So it's not some... You know, there's a thin balance that I try to make between establishing very separate procedures for accessibility, which is really important to keep things top of mind, but then also by merging them into the everyday process that everyone else is going through. Because if you if you again, if you consider something to be extra or on top of it's very easy to to, you know, dismiss when certain things happen, whether it's time or budget or that kind of stuff.
So if you if you just build it into the everyday process and you build that muscle of it's just part of everything that you do, then it makes it a lot easier.
Mike Paciello
Yeah, Yeah, that makes sense. Joe, what are your thoughts on that? And I should mention that even though Joe, most of your work is as a subcontractor, I mean you are intrinsically involved with WordPress, so it's not like that's, you're not involved in the organizational environment either.
Joe Dolson
Yeah. And the work I do with WordPress is a lot more like what Gerard is talking about because it is an enormous project and there are hundreds and hundreds of people working at it at all times. And that is an ongoing problem because one of the things about WordPress is we have this extremely strong commitment to backwards compatibility, which sometimes means you make a mistake and you release something that doesn't meet your standards.
You're committed to keeping that and you have to start to try and find workarounds to make things better. You know, the a good example of this is, is in the WordPress Media library. That whole system was initially built with not a lot of accessibility in mind. And it has been an incredibly challenging process to gradually build better accessibility into that system over time because it didn't happen from the beginning.
And this is... I at 100% agree, like this whole early and often approach is critical. I mean, you you can really get yourself in trouble by not exploring accessibility at the earliest possible stage. And that is a challenge sometimes because obviously, like the design process, it it frequently doesn't make a lot of sense for there to be a lot of code in the design process.

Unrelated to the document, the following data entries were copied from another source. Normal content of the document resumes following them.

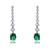 Picture of Luxury Green Dangle Earrings Online Only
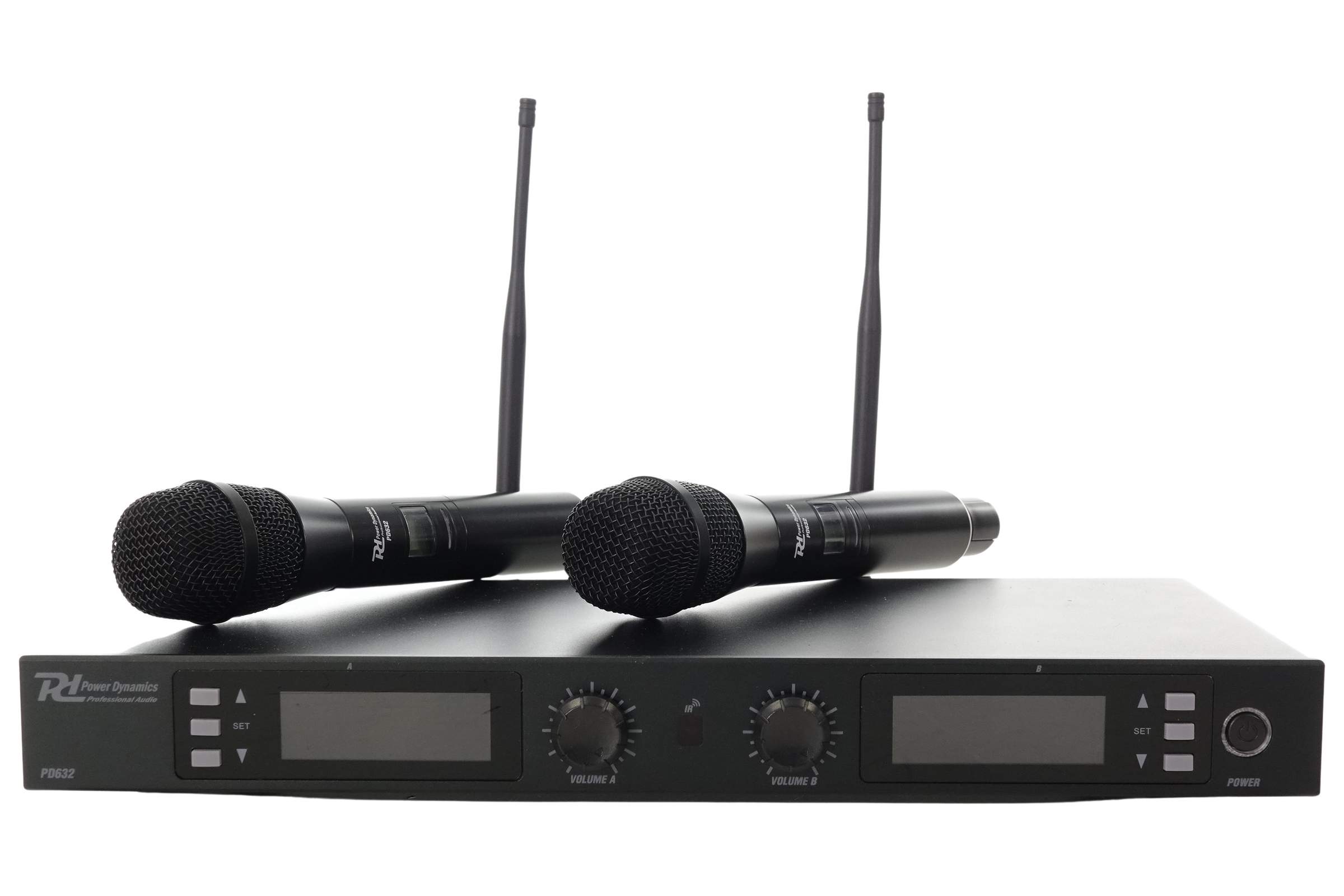 Power Dynamics PD632H Dual Wireless Handheld Microphone System - Rent ...
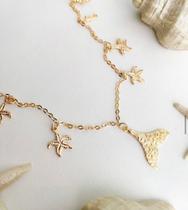 Colar sumer na cor dourada em bijoteria Colar sumer na cor dourada em bijoteria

That's not always efficient. So there are things you simply can't test that way and then you need to move them into a stage where you can test them. But every test you can do, do it as soon as you can.
Mike Paciello
Yeah. So, you know, see that, when I hear both of you say early and often, I can't help but think of, of agile. At that, at that point we're talking about a continuous development, continuous improvement. So prove me wrong, Gerard. How is early and often a contradiction to agile? Or how does early and often, you know, complement waterfall?
Gerard Cohen
Yeah, that's interesting. So for me, waterfall or early and often in waterfall again means starting at the very beginning, right? So the very definition of the product is, is, is research with the people with disabilities in mind. A lot of times I think, you know, I'll say this, that it's possible that maybe at the essence of agile it might work, I've just never been at a place that actually does agile.
I'm sorry, I've never been... And I haven't heard of any engineers that have worked at a place that that does agile right. It's always some combination or some like like hybrid thing, but there’s just the mere idea of doing things in small chunks, putting it out there and seeing what happens and getting feedback. Maybe it works. A lot of times I just haven't seen it happen.

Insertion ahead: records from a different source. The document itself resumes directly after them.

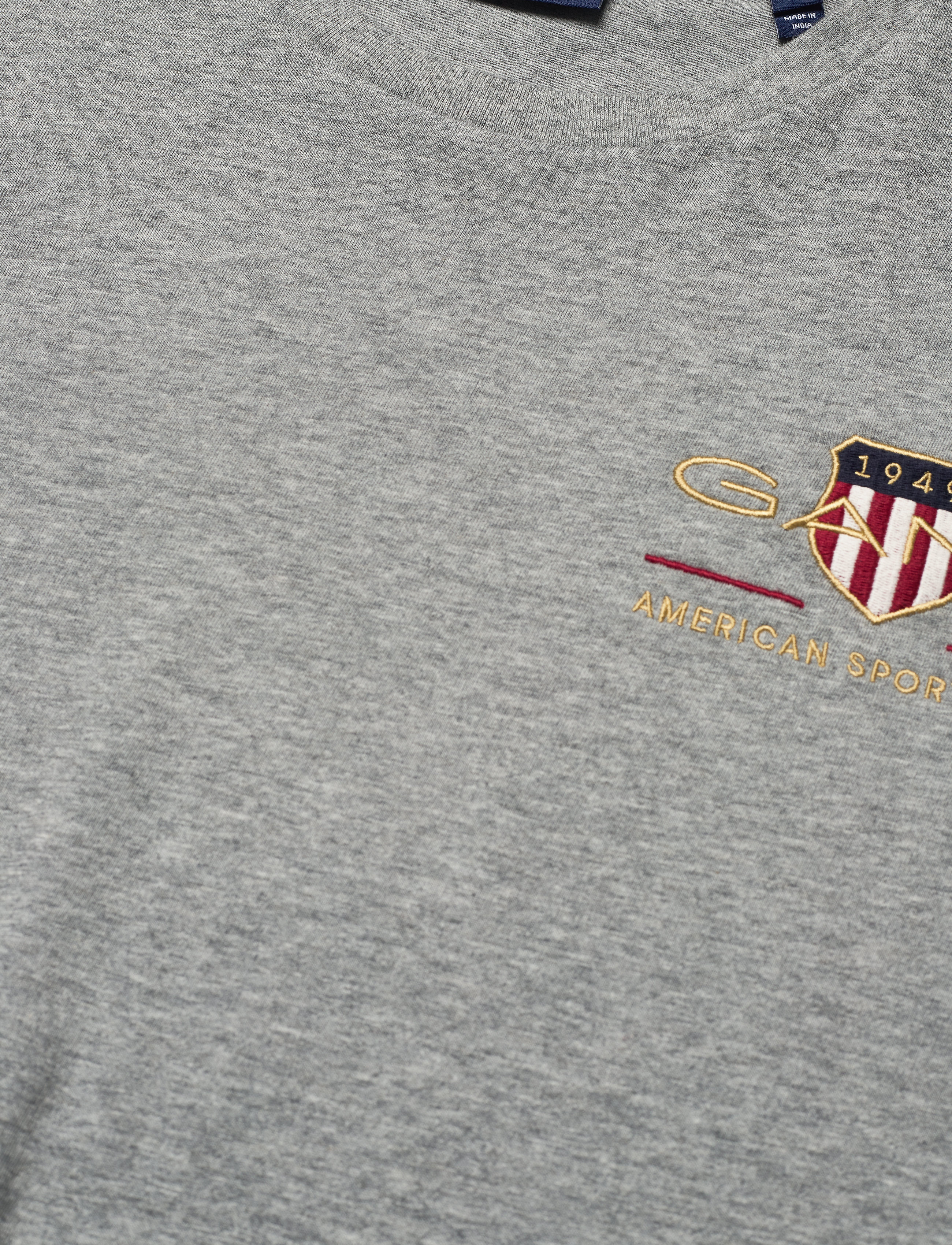 GANT - ARCHIVE SHIELD EMB SS T-SHIRT - grey melange - 2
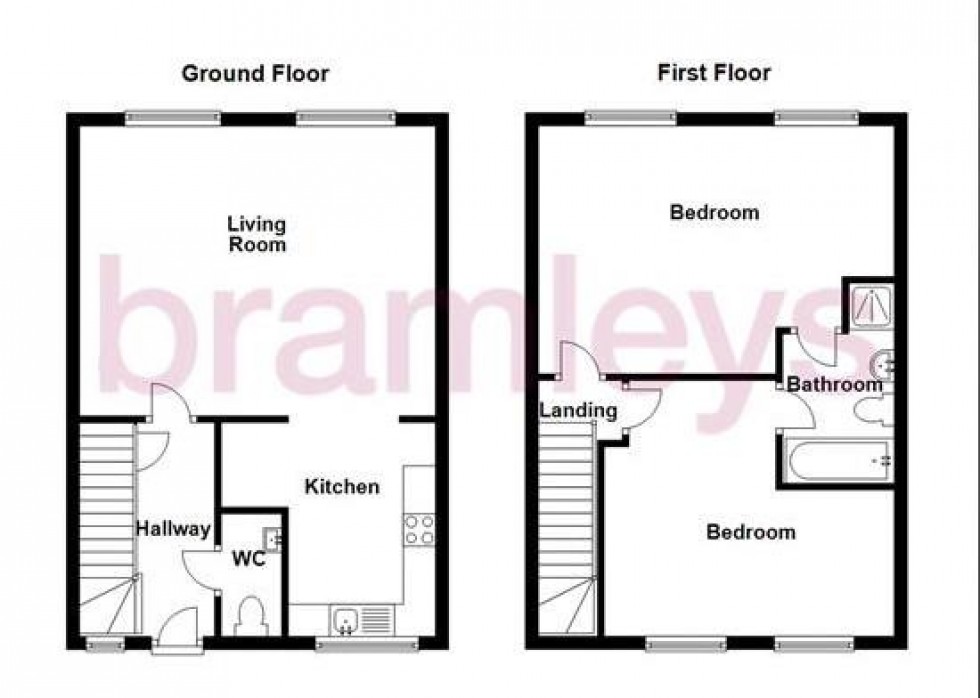 Floorplan for Wakefield Road, Hipperholme, Halifax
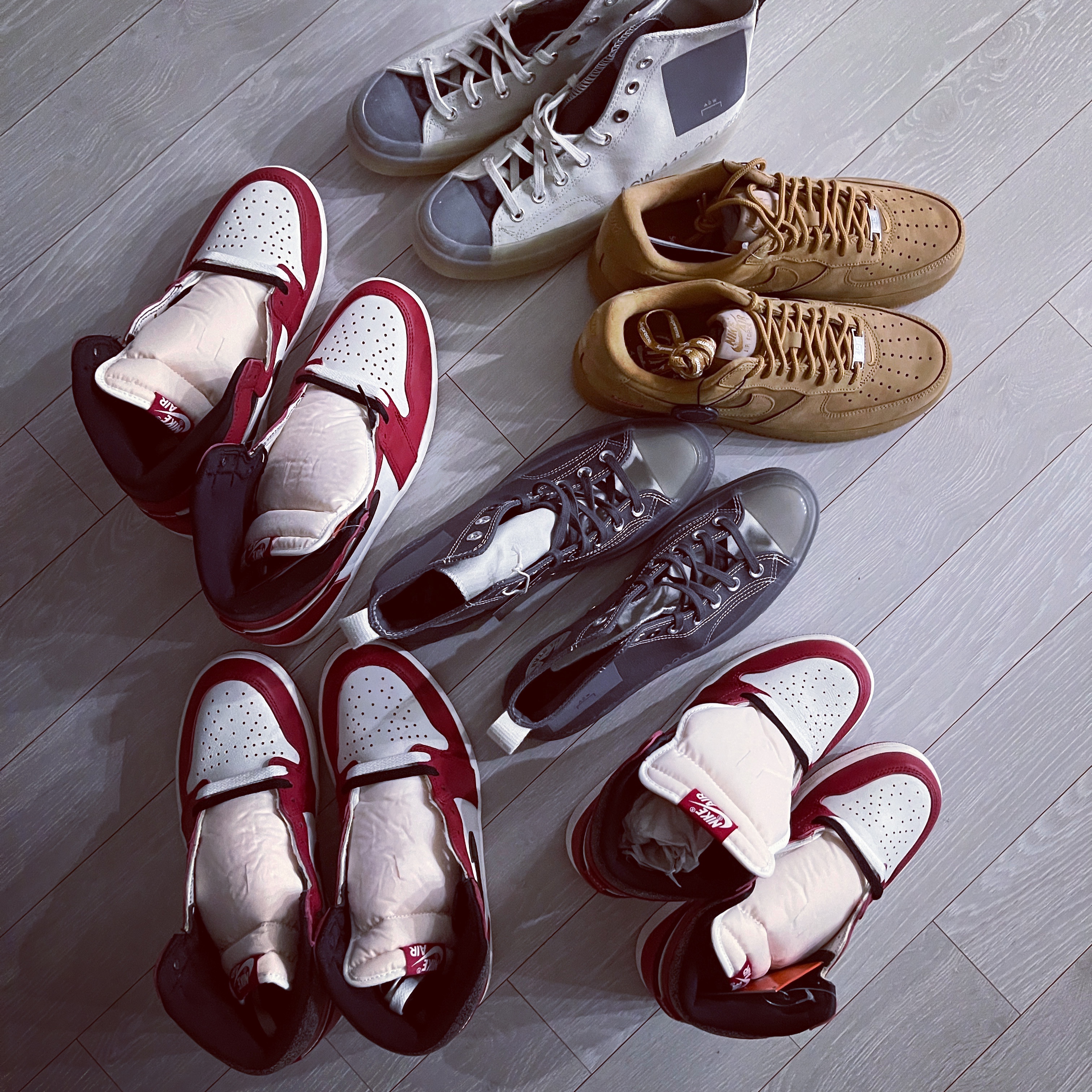 Jordan 1 Retro High OG Chicago 2022, (GS) Jordan 1 Retro High OG Chicago 2022 착용 스타일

There's a lot of thought process that has to go in so that the entire picture is considered all at once or else you run into the kind of thing that Joe just mentioned, you know, where it's hard to reverse. Right? And and, you know, as you start to unpack all the different issues, you realize that, oh, this is ultimately this was it is a design decision that that's not accessible.
And there's nothing that we can do on the engineering side to make it accessible. It's just it's just a complex design. Or it may be just architecture decisions that maybe you considered upfront, you know, that you that that are impacting your ability to be accessible. And it's very expensive to go back in time to change, you know, entire architecture decisions and plans because you were in the process of doing things in smaller chunks and not considering the larger picture.
So I think for me that's why I say that waterfall is is is easier to be accessible than agile.
Mike Paciello
And I'm sure you're thinking as well, and Joe, correct me if I'm wrong. When we get the architecture and the design done upfront, correctly, and again, we're thinking about this from the strictly from the perspective of, of accessibility and usability, because I never break the two. The two of them have to be together. If the two aren’t together, then one of them is not going to work well for, you know, for an interaction environment, for a person with a disability.
But, but, you know, I think what you guys are saying is, look, if we can get the architectural design and the user design right upfront and that becomes a constant, then waterfall works more consistently across the board. Is that right?
Gerard Cohen
That's been my experience for sure.
Mike Paciello
Yeah. Yeah, go ahead, Joe.
Joe Dolson
That's a difficult one for me to really voice an opinion on because I have literally never worked in an environment that used any specific engineering system. One of the interesting things about working at WordPress, and I think that's is probably true of a lot of FOSS projects (Free Open Source Software projects) is it's very self-directed. You know, everybody is kind of a bit on on the loose to work on the projects that inspire them or interest them.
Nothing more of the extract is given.